家来から子どもへ

 先週、この頃は「核家族や単独世帯が増えて、家族(主に子ども)の便利な代わりとしてペットを選ぶことが増えたんだろう」と書いた。

 まあ、実際にはペットといってもいろいろであって、蛇やトカゲを飼っている人は子どもの代わりとあまり感じてないかもしれない。蛇やトカゲは人間に似た反応が少ないからだ。実際、爬虫類は人間に媚びないから好きだ、という人もいる。

 一方、ペットの代表である犬や猫は子どものように扱われることが多い。親が子どもを着飾るように犬や猫を着飾る人をよく見るし、何より言葉遣いが「もうちゅぐご飯でしゅからねー」だ。大人が赤ちゃんに対して赤ちゃん言葉を使うのは、赤ちゃんに近い目線におりて心理的に近づきたいからだろう。ならば、犬に対しては「バウバウバウ」と犬言葉を使うのが筋ではないか。

 昔はおそらく人間と飼い犬の関係は主人と家来に近かったろう。桃太郎と犬の関係である(桃太郎の家来の犬には名前すらない)。親子に近いような感じ方もあったろうが、おそらく主ではなかったはずだ。少なくともおれは犬を赤ちゃん扱いする昔の話を読んだことがない。

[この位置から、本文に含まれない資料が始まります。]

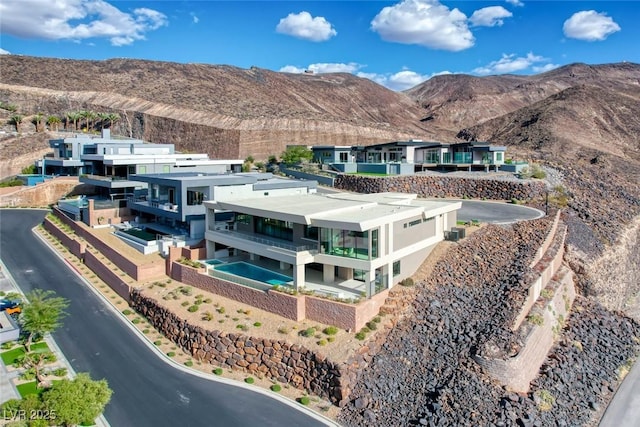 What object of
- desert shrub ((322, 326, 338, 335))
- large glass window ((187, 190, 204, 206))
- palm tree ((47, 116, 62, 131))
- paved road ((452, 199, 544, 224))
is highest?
palm tree ((47, 116, 62, 131))

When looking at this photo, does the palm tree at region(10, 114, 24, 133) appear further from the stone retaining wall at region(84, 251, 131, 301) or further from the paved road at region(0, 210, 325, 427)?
the paved road at region(0, 210, 325, 427)

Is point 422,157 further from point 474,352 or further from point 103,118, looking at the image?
point 103,118

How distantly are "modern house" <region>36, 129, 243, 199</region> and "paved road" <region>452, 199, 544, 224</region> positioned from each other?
2144 centimetres

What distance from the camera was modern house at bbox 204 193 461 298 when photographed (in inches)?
945

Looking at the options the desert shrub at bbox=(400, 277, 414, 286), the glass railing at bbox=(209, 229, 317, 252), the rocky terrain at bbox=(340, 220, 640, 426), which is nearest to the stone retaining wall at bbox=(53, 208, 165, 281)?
the glass railing at bbox=(209, 229, 317, 252)

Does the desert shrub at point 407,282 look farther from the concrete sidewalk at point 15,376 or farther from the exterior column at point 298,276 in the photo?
the concrete sidewalk at point 15,376

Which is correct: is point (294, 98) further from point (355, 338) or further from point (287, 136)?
point (355, 338)

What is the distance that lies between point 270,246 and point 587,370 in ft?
54.7

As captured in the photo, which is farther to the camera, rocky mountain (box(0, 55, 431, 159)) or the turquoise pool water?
rocky mountain (box(0, 55, 431, 159))

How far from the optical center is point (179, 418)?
59.5 feet

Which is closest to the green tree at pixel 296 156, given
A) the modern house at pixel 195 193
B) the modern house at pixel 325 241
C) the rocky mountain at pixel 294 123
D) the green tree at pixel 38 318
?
the rocky mountain at pixel 294 123

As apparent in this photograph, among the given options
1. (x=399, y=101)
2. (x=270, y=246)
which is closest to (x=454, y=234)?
(x=270, y=246)

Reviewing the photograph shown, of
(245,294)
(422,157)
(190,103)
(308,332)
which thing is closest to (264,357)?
(308,332)

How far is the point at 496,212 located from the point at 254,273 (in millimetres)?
19907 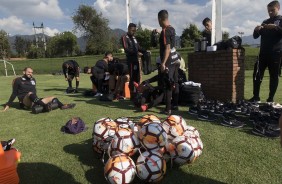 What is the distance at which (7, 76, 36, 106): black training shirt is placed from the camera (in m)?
8.11

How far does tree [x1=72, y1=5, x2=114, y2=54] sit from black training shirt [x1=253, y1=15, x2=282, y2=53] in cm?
6325

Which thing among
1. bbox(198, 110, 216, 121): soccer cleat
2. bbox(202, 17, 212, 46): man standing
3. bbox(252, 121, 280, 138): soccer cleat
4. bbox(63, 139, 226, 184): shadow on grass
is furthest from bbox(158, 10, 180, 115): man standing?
bbox(63, 139, 226, 184): shadow on grass

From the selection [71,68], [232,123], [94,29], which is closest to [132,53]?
[232,123]

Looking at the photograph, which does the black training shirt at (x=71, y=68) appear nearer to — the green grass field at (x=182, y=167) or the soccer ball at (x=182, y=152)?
the green grass field at (x=182, y=167)

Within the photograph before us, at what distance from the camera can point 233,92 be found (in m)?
7.13

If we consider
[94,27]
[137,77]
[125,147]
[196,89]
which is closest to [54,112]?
[137,77]

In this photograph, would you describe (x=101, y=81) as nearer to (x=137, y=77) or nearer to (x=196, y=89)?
(x=137, y=77)

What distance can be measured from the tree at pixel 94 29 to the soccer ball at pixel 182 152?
66337 millimetres

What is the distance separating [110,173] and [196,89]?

 今も飼い犬に対して身分、立場の差をつけていることは多いだろうが、一方でここ二、三十年来だろうか、赤ちゃん、子どもの代わりとして「でしゅねー」的に可愛がるのをよく見かけるようになった。古今亭志ん生の言う「糸っくずのかたまりみたいな犬」が増えてからかもしれない。

 別に調査したわけではないが、最初に書いたように、犬や猫の赤ちゃん扱いは単身や単独夫婦に多いように感じる。なぜなら、犬や猫は便利な赤ちゃんだからである。